Cutting legal aid to save costs carries the risk of becoming a classic example of false economy, and there will be no parity of justice when one party is represented and the other is not. The Government must be close to finding themselves in breach of Article 6 of the European Convention on Human Rights, which says that everyone facing a criminal charge is entitled to a fair and public hearing and has the minimum rights of,

“adequate time and facilities for the preparation of his defence; to defend himself in person or through legal assistance of his own choosing”.

The cuts in aid and in fees are such as to endanger the future of the profession. They also offend against each and every one of the objectives of Section 1 of the Legal Services Act 2007, which include,

“improving access to justice … protecting the interests of consumers … encouraging an independent, strong, diverse and effective legal profession”,

and supporting “the rule of law”.

Given that there will be no assistance for most divorcees, it is urgent that the law on financial provision on divorce be reformed to make it user-friendly. The sums involved amount to £220 million a year. One could make savings by reforming the law of financial provision on divorce. It is now so complicated, uncertain and unfair that it is almost impossible to predict the outcome of litigation about dividing family assets on divorce. There are cases where almost as much is spent on fighting as the assets themselves are worth. There have even been cases where the entire assets are spent on costs. That is because the law is unjust and based on old-fashioned principles without regard to today’s high breakdown rates, women’s equality and independent earning power. The Law Commission has recently put forward for consideration proposals to replace the current unsatisfactory statutory provisions on financial provision in divorce with new ones that might rely on a formulaic calculation. While this is a blunt instrument, there is much to be said for having a law that enables separating parties to calculate for themselves how their assets should be divided. An alternative, which I am minded to put forward for your Lordships’ consideration in a Private Member’s Bill, is to replace the English law on financial provision on divorce with the Scots law. That law by and large provides for the equal sharing of family property and limited ongoing financial support. It works well in Scotland, there are few reported cases and there is no reason why it should not be imported here.

Of course, agreements between spouses and cohabitants about sharing property on separation should be respected and not subjected to dissection by the courts. In other words, we should recognise pre-nups and do away with expensive litigation over their validity and the substance of the issues. Our justice system need not be as costly as it is if, in family law at least, the parties are treated as adults and given clear guidelines about the division of their assets.
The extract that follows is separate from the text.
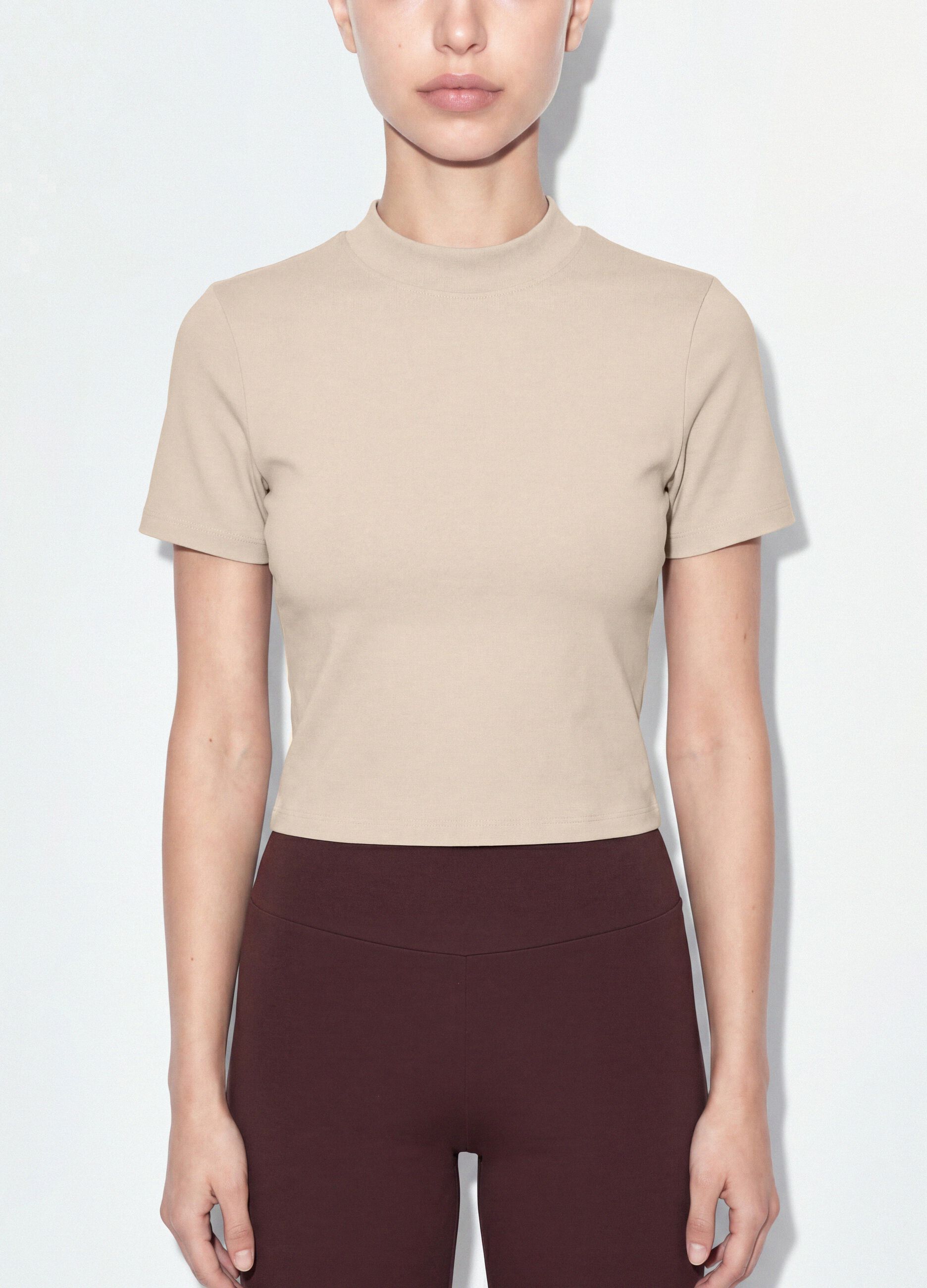 Beige fitted stretch-cotton T-shirt with high neck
Finally, one should get the extent of legal aid savings into perspective. Great damage is about to be done to the court system, litigants, the legal profession, diversity and the rule of law to effect a saving of £220 million a year. We have just spent £10 billion on the Olympics, with so far not much legacy. The Government have recently committed to spending £60 million on converting the Olympic stadium into a football ground for West Ham. We have lost our moral compass if we think that it is preferable to spend on the Olympic stadium rather than on legal aid, to give tax relief on wind turbines rather than spend sums on access to justice, and when we send overseas aid to Argentina rather than supporting the rule of law at home. The requisite savings could be made if alleged criminals’ assets were unfrozen and used to fund their legal representation as the litigation unfolds. I am sure that everyone in this House has a taxpayer-funded project in mind that is unnecessary and less significant than cutting access to justice. If the legal system and the citizen’s ability to use it are damaged, then the fine words of a new legislative programme will never be any more than that.